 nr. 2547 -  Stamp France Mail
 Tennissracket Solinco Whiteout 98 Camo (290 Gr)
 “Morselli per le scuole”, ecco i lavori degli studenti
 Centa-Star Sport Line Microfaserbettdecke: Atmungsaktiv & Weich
* * *
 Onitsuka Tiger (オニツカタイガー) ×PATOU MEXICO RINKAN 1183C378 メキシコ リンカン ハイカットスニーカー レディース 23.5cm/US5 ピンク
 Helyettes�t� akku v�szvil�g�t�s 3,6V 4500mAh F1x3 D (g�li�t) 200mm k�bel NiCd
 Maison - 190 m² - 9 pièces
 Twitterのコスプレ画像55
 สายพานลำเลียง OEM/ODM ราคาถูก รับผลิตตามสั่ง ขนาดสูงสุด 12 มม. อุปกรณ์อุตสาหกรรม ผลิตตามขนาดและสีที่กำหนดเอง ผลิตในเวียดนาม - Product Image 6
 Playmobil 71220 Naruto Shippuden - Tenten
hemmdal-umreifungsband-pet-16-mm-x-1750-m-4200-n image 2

▸ **What is needed**:
Find where the line with "Helyettes�t� akku v�szvil�g�t�s" sits in the material above, then copy exactly from it through the line with "hemmdal-umreifungsband-pet-16-mm-x-1750-m-4200-n image 2". Add no other line.

▸ **Reply to the task**:
 Helyettes�t� akku v�szvil�g�t�s 3,6V 4500mAh F1x3 D (g�li�t) 200mm k�bel NiCd
 Maison - 190 m² - 9 pièces
 Twitterのコスプレ画像55
 สายพานลำเลียง OEM/ODM ราคาถูก รับผลิตตามสั่ง ขนาดสูงสุด 12 มม. อุปกรณ์อุตสาหกรรม ผลิตตามขนาดและสีที่กำหนดเอง ผลิตในเวียดนาม - Product Image 6
 Playmobil 71220 Naruto Shippuden - Tenten
hemmdal-umreifungsband-pet-16-mm-x-1750-m-4200-n image 2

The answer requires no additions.